Curated pathway databases provide useful well studied references of pathways but are often general or incomplete. This means they may miss context-specific details relevant to a particular condition or experiment.

Pathway reconstruction algorithms address this by mapping molecules of interest onto large-scale interaction networks (interactomes) to generate candidate context-specific subnetworks that better reflect the condition or experiment.

These algorithms allow researchers to propose computational-backed hypothetical subnetworks that capture the unique characteristics of a given context without having to experimentally test every individual interaction.

Running a single pathway reconstruction algorithm on a single dataset can be challenging, as each algorithm often requires its own input format, software environment, or even a full reimplementation.
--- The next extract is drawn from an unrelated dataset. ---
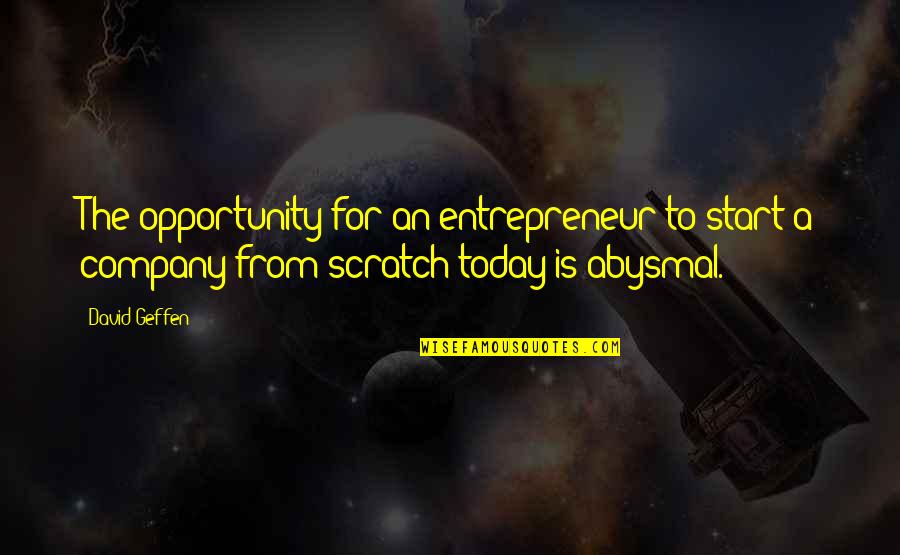 Syperteacher Quotes By David Geffen: The opportunity for an entrepreneur to start a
These challenges only grow when scaling up to using multiple algorithms and datasets.

What is SPRAS?

Signaling Pathway Reconstruction Analysis Streamliner (SPRAS) is a computational framework that unifies and simplifies the use of diverse pathway reconstruction algorithms.

SPRAS allows users to run multiple datasets across multiple algorithms and many parameter settings in a single scalable workflow. The framework automatically handles data preprocessing, algorithm execution, and post-processing, allowing users to run multiple algorithms seamlessly without manual setup. Built-in analysis tools enable users to explore, compare, and evaluate reconstructed pathways with ease.

SPRAS is implemented in Python and leverages two technologies for workflow automation:

Snakemake: a workflow management system that defines and executes jobs automatically, removing the need for users to write complex scripts
Docker: runs algorithms and post analysis in a containerized environment.

A key strength of SPRAS is automation. From provided input data and configurations, SPRAS can generate and execute complete workflows without requiring users to write complex scripts. This lowers the barrier to entry, allowing researchers to apply, evaluate, and compare multiple pathway reconstruction algorithms without deep computational expertise.